Purchasing the right chartplotter for your vessel is an important investment in your enjoyment aboard.
Do you need a Touchscreen Chartplotter?
In the previous article we discussed the importance of going with the largest screen chartplotter possible.
Just imagine trying to navigate with a paper chart cut into very small rectangles and having to switch between the pieces to get a feel for where you are and where you’re going. It’s the same thing with a chartplotter display. You are cramming a lot of detail into a small area and will need to be able to decipher it clearly. Add to the chart data boxes displaying vital information and things start to get cramped pretty quickly. Now add to the display a split screen with other information such as a bottom structure display or a radar display and you really have a lot of information in just a small area. With smaller chartplotters you will find yourself zooming in and out constantly to get a feel for the chart and what is around your current position on the screen.
Of course as with everything boating there has to be a compromise. Not all of us have the luxury or dash real estate (or wallet for that matter) to have multiple large displays clearly showing all our information. There are some very suitable compromises to be had, however.
Most of today’s manufacturers offer touch screen models that can allow for a larger screen size in a smaller comparable area.
Garmin was one of the first to offer touch screens in smaller displays, such as the 740 series (Garmin Gpsmap 740 Touchscreen Chartplotter Preloaded With U.s. Coastal Maps) Because they eliminate all or most of the buttons found on conventional chartplotters, the bezel and faceplate of the machine can be reduced and the screen size can be enlarged.
A good example of this would be Lowrance’s new HDS touch chartplotters that can allow for the next size screen in about the same space as their smaller-screened conventional non-touch chartplotter. Lowrance is not alone in this capability as most other major manufacturers of quality chartplotters are also moving in this direction.

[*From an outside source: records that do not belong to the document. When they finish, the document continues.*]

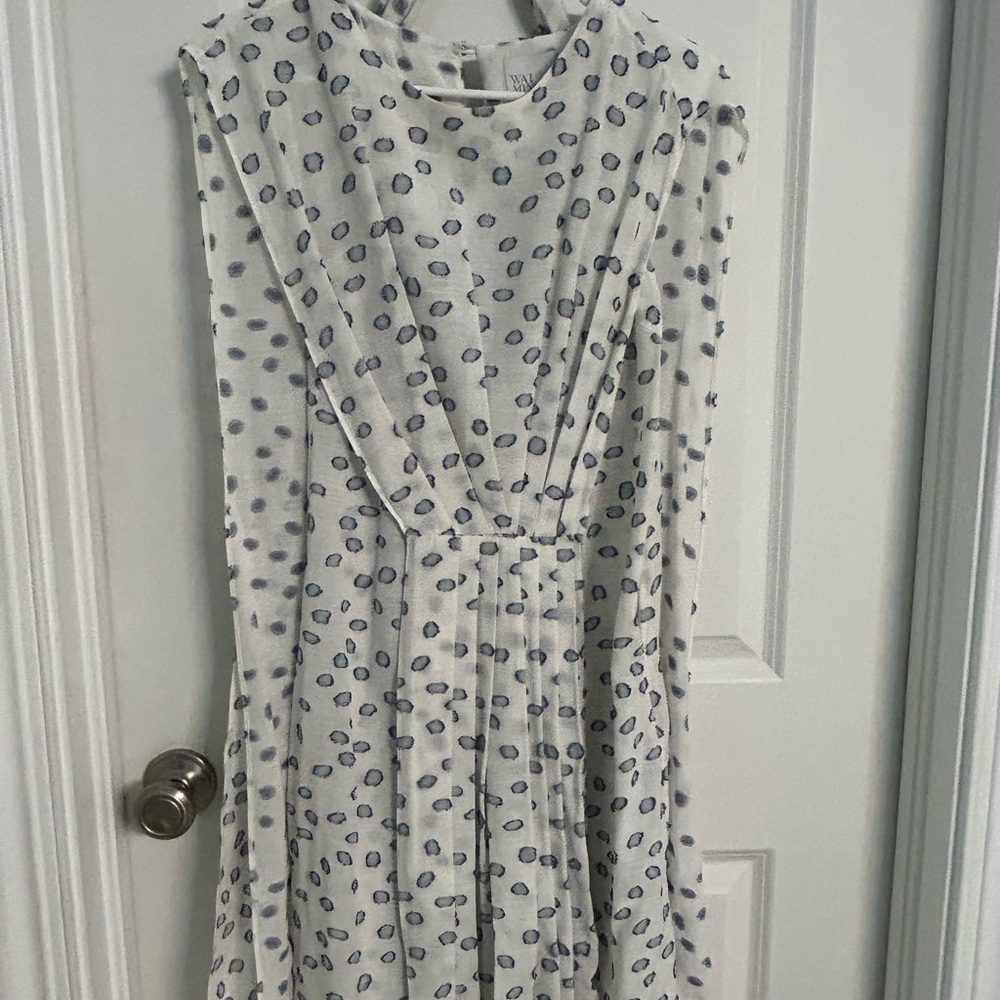 Designer White with Blue Cape Midi Dress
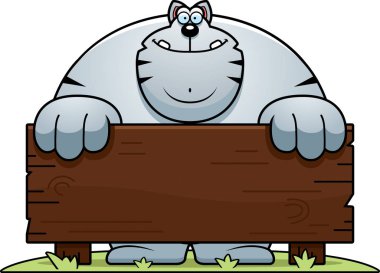 Karikatür kedi ahşap işareti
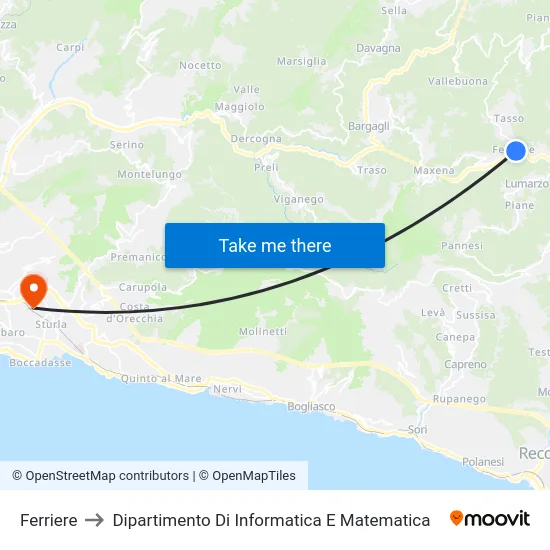 Ferriere to Dipartimento Di Informatica E Matematica map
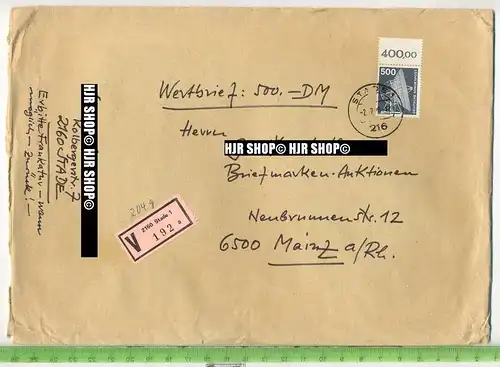 1975, Industrie,500 Pf, miNr. 859 EF, Wertbrief, Einschreiben, Format kompakt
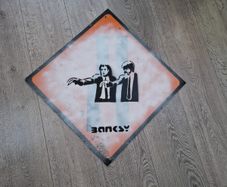 Banksy Reproduction Sheet Metal Road Sign Pulp Fiction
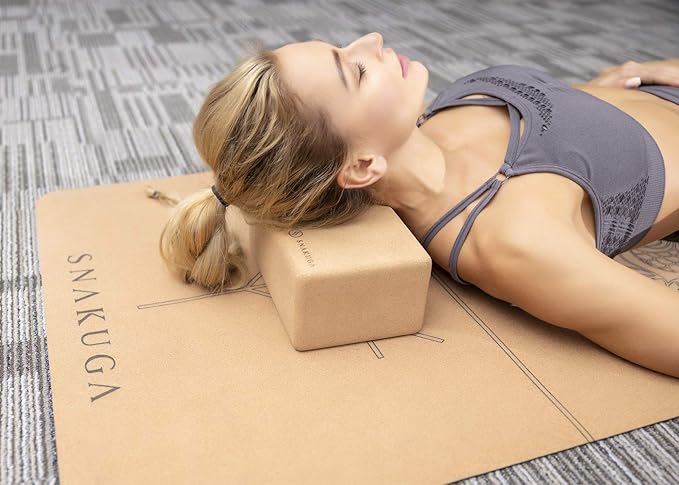 SNAKUGA Cork Yoga Block 2 Pack for Pilates, 4'' or 3'' Non-Slip & High Density Blocks for Meditation, Fitness and Stretching, Supportive and Flexibility Brick for Improve Poses Balance-StrideForce Fitness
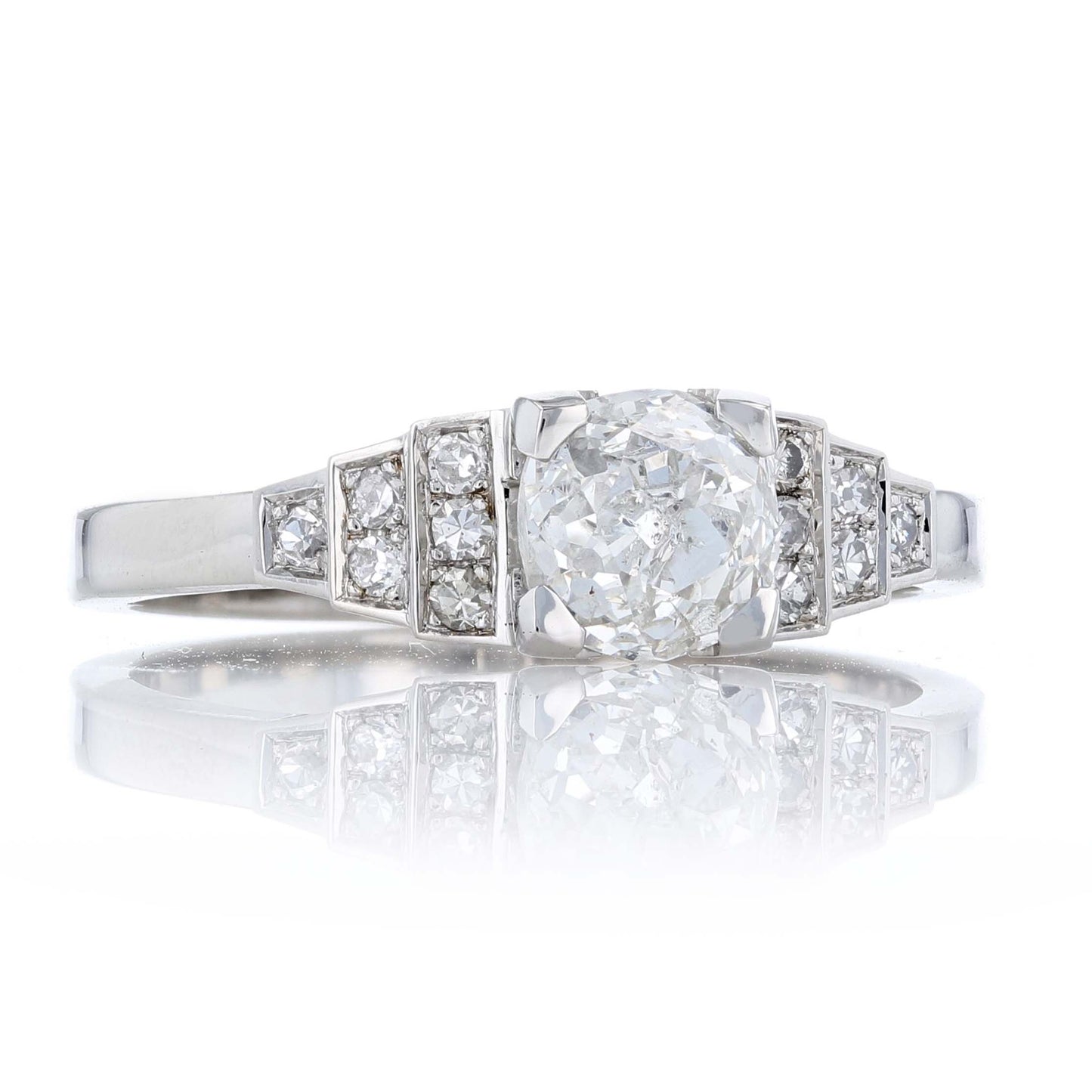 Platinum Geometric Art Deco Diamond Engagement Ring Replica Side View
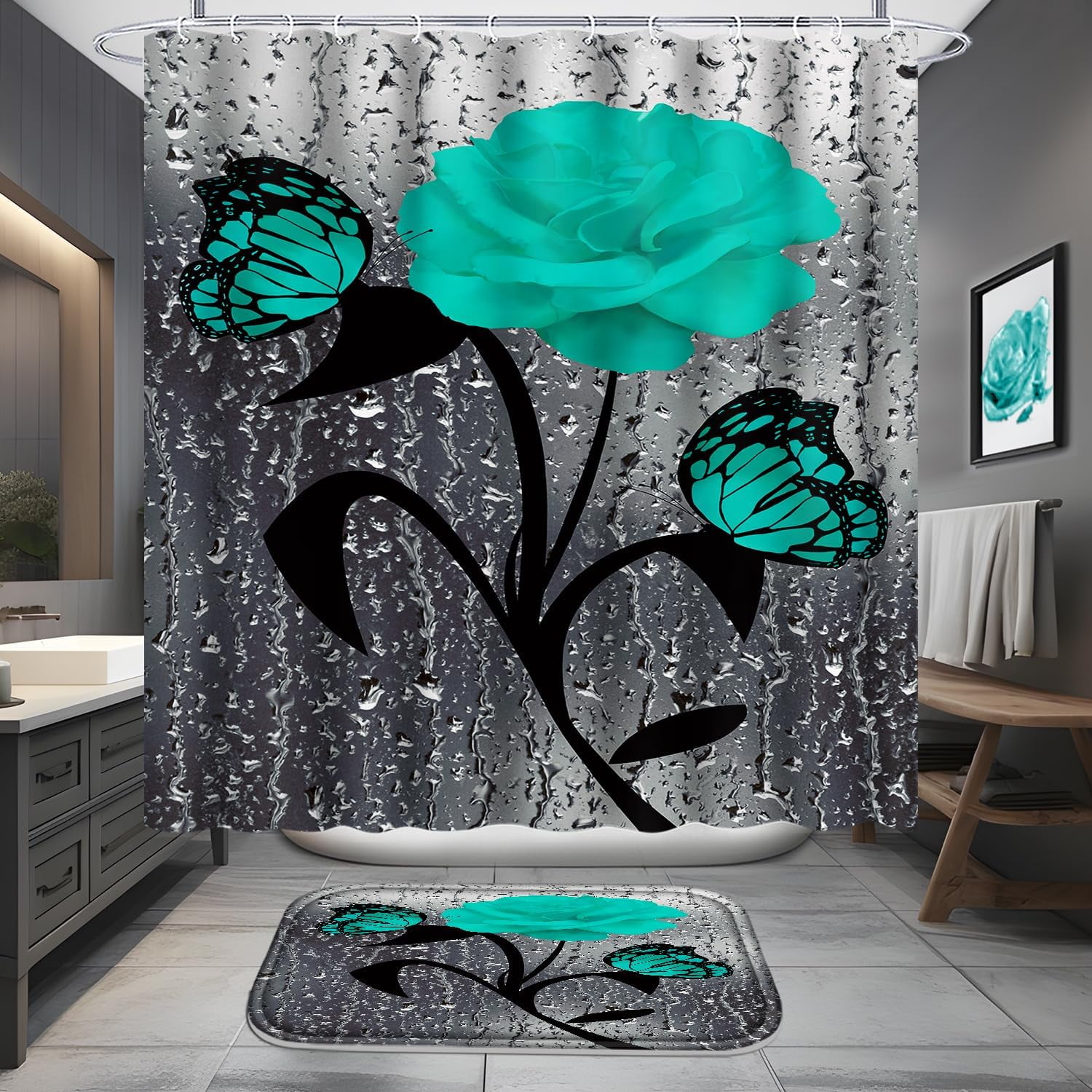 4 Pcs Bathroom Set,Orange Rose Shower Curtain Sets, Romantic Shower Curtain Sets with Rugs(Bath Mat,U Shape and Toilet Lid Cover Mat) and 12 Hooks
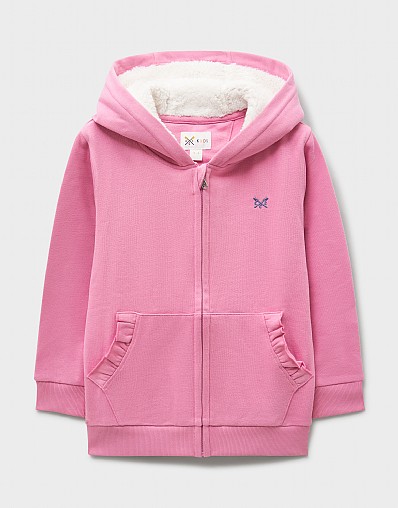 Teddy Fleece-Lined Hoodie in Pink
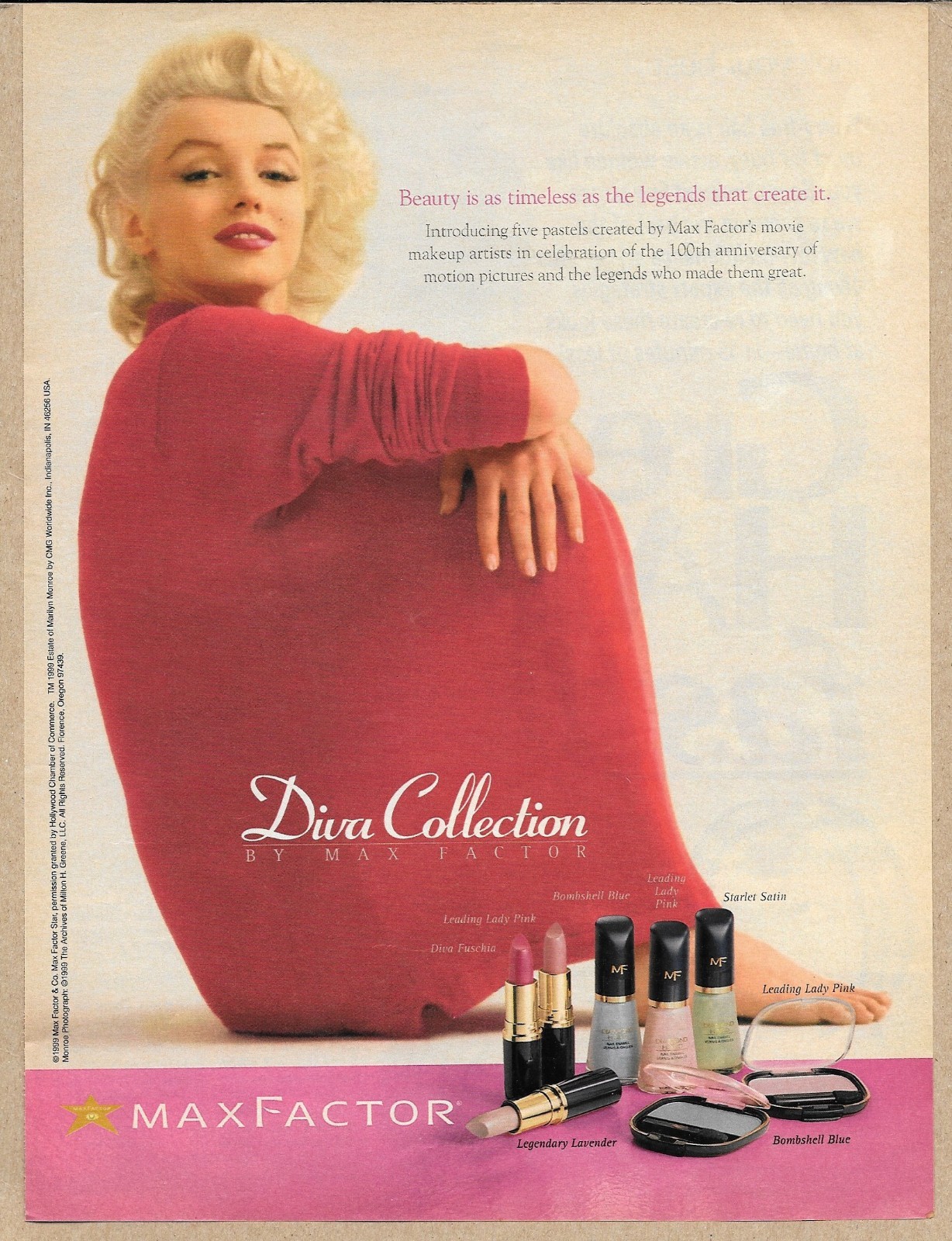 Marilyn Monroe Max Factor Diva Collection 1999 Vintage Print Ad Makeup Portrait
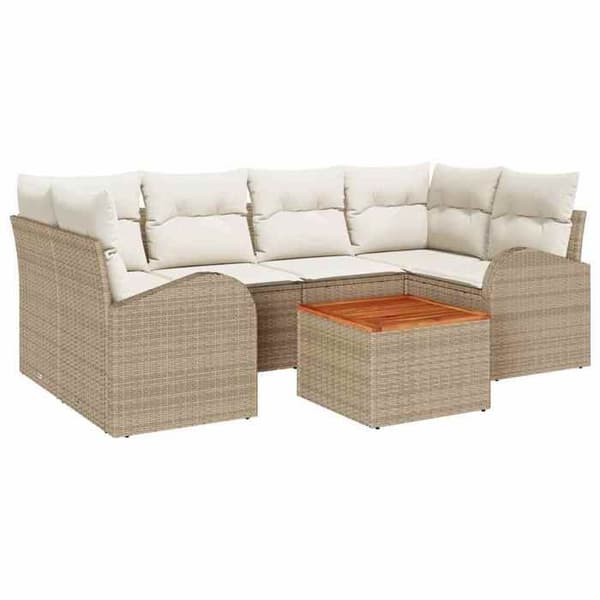 Maison Exclusive - 7-delars trädgårdsoff-set i beige och kräm polyrotin Beige och kräm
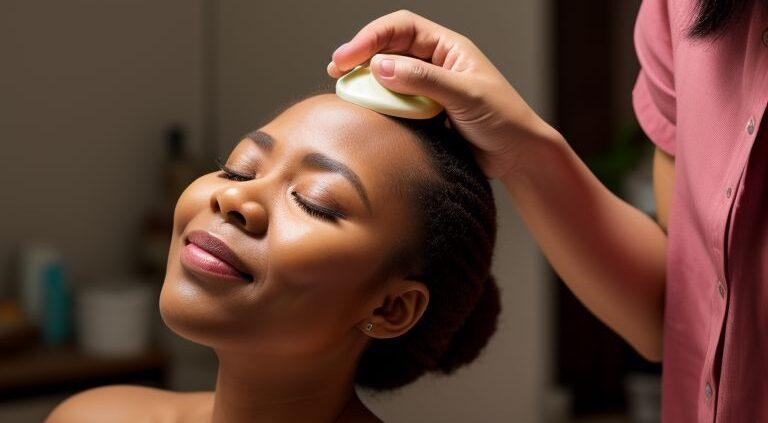 Woman applying shea butter to her scalp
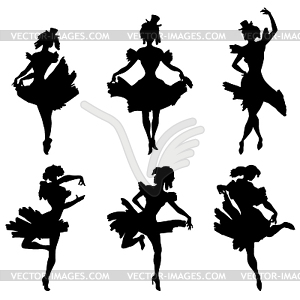 Cabaret dancer silhouettes set - vector image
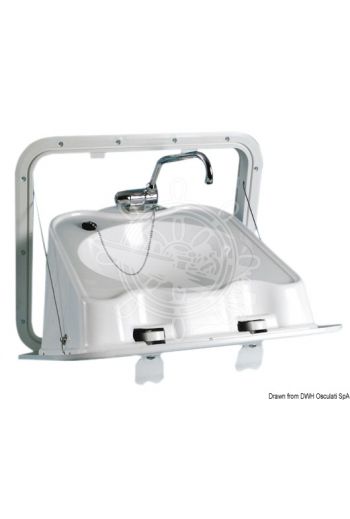 ABS wall foldable sink (Recess mm: 440x390, External mm: 520x460, inside overhang mm: 320, Open sink plane mm: 380x390)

The touch screen chartplotter are not only gaining popularity because of their screen size advantage. As consumers become more used to operating their smart-phones and tablets via touch screens the menus and operating logic of touch screen chartplotters make them easier and more intuitive to use. Rather than having to press combinations of buttons to access menus and sub-menus, one can just follow along with the on-screen directions. Touch motions that you are familiar with in using your phone or tablet make operations like zooming and panning quick and simple.
“You can actually control the display with the remote touch device.”
Add to these touch models the capability of adding an app to your phone or tablet and you can actually control the display with the remote touch device. Not only that, but some models and versions offer full remote capability through your phone or tablet (more on that in future articles).
A touch screen chartplotter can improve your experience, but to truly appreciate what they are capable of, you have to reach out and touch one for yourself.